Thanks to the good agricultural practices learned, Malika was able to improve soil fertility and increase the yield of her fruits and vegetables. With the increase in performance, he saw an opportunity to explore new marketing channels.

Malika recalls that a leading farmer at the Pankisi farmer field school, Nino Khakhichashvili, always told her “to advertise my products on smartphones social media.”

Inspired by her colleague, Malika followed the advice during the first outbreak of coronavirus disease (COVID-19). With the help of her 14-year-old grandson, she got used to taking photos, recording voicemails and posting on social media and group messaging apps. Gradually, it attracted the interest of buyers. As a result, the digital channels of his smartphone became new platforms for earning revenue.

Also during the COVID-19 pandemic, Malika joined a messaging group of women from Pankisi, where they share images of many different items for sale: cakes, vegetables, fruits, dairy products and even household items.

“I was worried about losing income,” Malika admits. “So I started putting pictures” [in the messaging group].

During the harvest season, she continues to send updates on vegetables and fruits in her garden, and throughout the year she shares images of her dairy products. As an active member of this digital space, Malika sets an example for other women in Pankisi.

Nanuli works in the fields behind her home in Karaleti, Georgia.Smartphones: economic independence

The use of social media is transforming people’s lives everywhere, even in small villages like Malika. Before, neighbors visited each other in person to sell their products. Now, the internet and smartphones are essential for communication within and between local communities. They are also proving to be excellent tools for smallholder farmers to market their produce.
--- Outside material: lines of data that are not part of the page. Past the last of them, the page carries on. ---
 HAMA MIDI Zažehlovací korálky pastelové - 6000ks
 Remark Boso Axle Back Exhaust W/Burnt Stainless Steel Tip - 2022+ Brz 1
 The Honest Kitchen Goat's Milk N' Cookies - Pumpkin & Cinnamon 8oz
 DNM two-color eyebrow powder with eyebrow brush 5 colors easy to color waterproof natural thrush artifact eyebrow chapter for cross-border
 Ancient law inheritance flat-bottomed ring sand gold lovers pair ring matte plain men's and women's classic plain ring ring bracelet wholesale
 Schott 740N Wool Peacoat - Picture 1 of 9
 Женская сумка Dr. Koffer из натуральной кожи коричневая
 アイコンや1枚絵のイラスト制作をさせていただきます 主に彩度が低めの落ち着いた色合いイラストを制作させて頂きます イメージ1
Just by browsing an app on their mobile phone, consumers can find images of Malika’s cottage cheese or other farmers and know when it will be delivered. Most importantly, they can learn what makes Malika’s dairy product so special, realizing how carefully they make their products.

Smartphones and other digital technologies are also having positive effects for women farmers in rural communities. By communicating through social media and messaging apps, many women are already creating new links and market partnerships, taking steps forward to close the gender gap and achieve economic independence.

Malika, for example, has shown that her smartphone has helped her generate more income for her livelihoods. A higher profit covers more family expenses and allows you to reinvest in your farm.

In her community, Malika is an example of a woman who has taken advantage of these opportunities and achieved economic independence through her hard work. FAO and the European Union are convinced that these initiatives strengthen rural communities in Georgia, reduce rural poverty and close the gender gap.